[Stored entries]
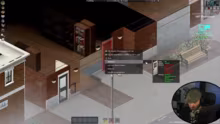 Ich baue eine Festung in Project Zomboid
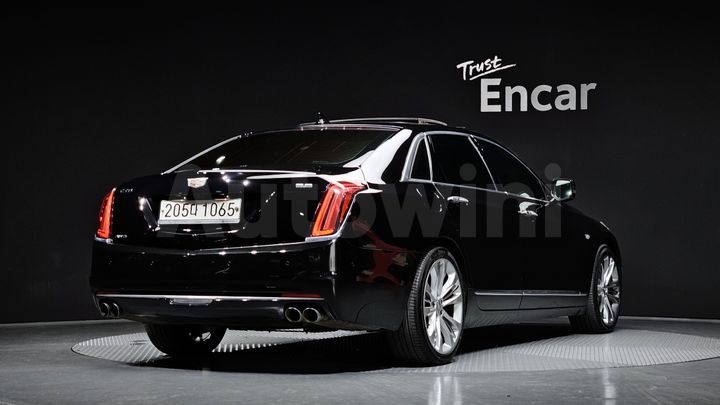 Cadillac CT6 2018 — 2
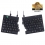 R-go Tools R-Go Tastatur Split Break ergonomisch BE-Layout schwarz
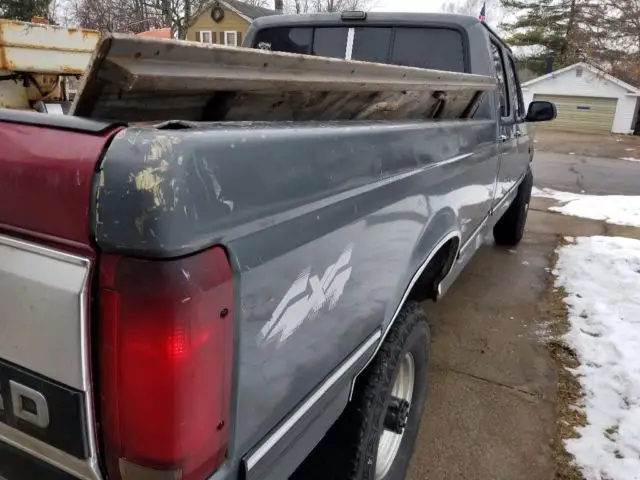 1993 ford f350 xlt crewcab solid arizona truck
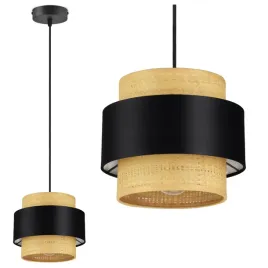 lampa-wiszaca-sufitowa-zyrandol-abazur-rattan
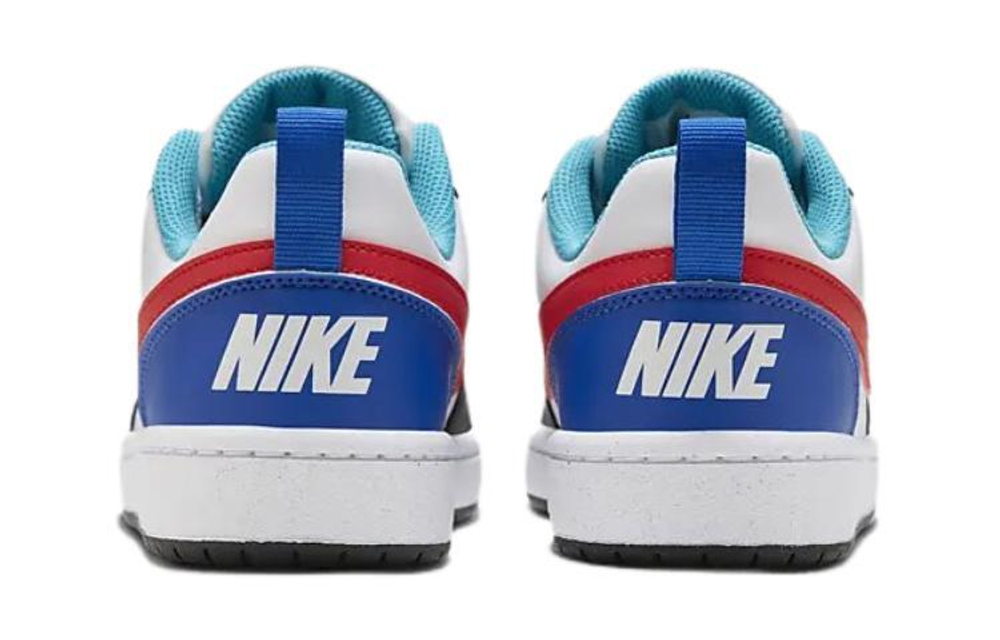 Женские кроссовки Nike Court Borough Low Recraft 'White Red Black Blue' HF0742-161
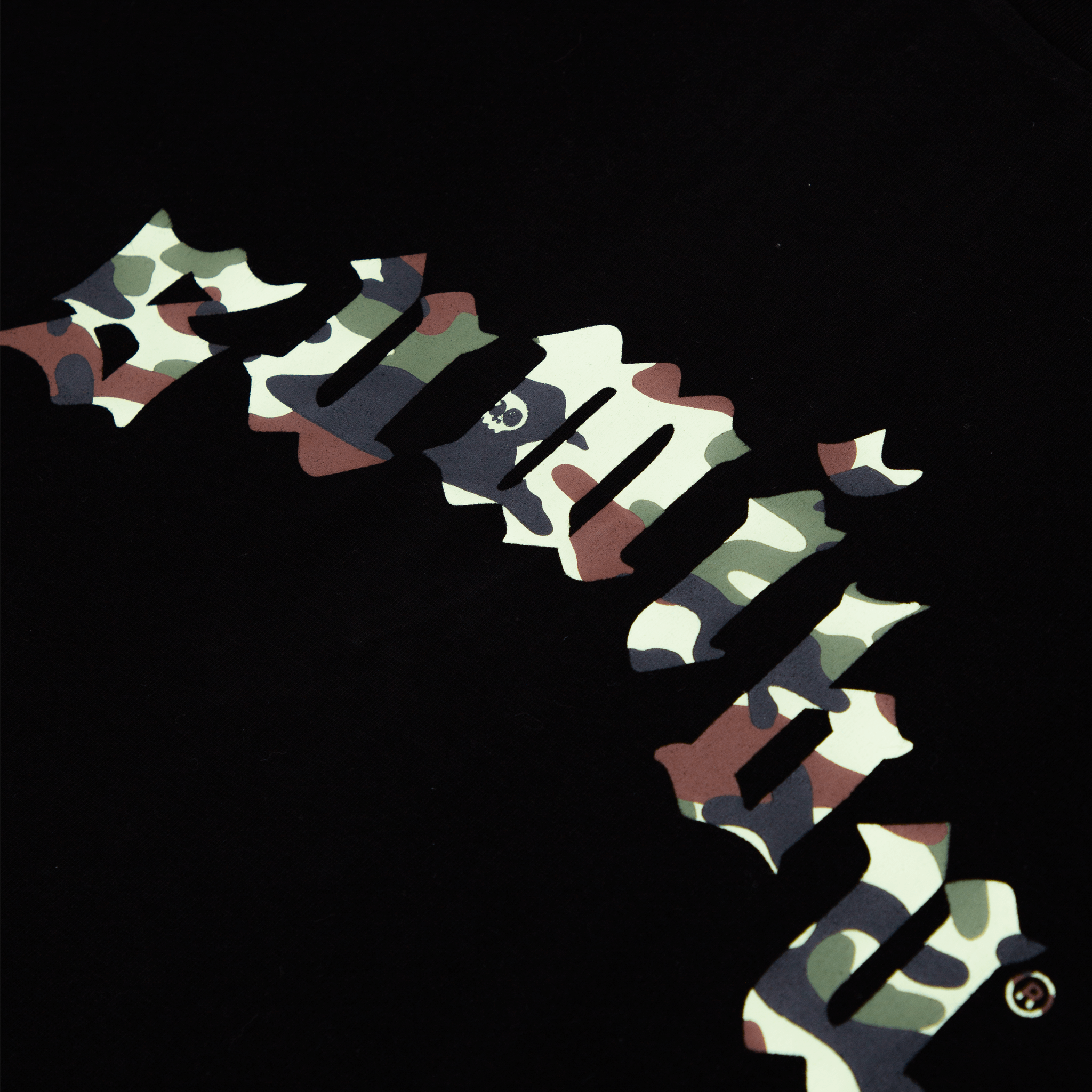 Ol' Sumibu Tee | Black - Mint Camo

- Directions for this task -
What is needed is an exact copy of every entry, with the pictures removed.

- Result of the task -
 Ich baue eine Festung in Project Zomboid
 Cadillac CT6 2018 — 2
 R-go Tools R-Go Tastatur Split Break ergonomisch BE-Layout schwarz
 1993 ford f350 xlt crewcab solid arizona truck
 lampa-wiszaca-sufitowa-zyrandol-abazur-rattan
 Женские кроссовки Nike Court Borough Low Recraft 'White Red Black Blue' HF0742-161
 Ol' Sumibu Tee | Black - Mint Camo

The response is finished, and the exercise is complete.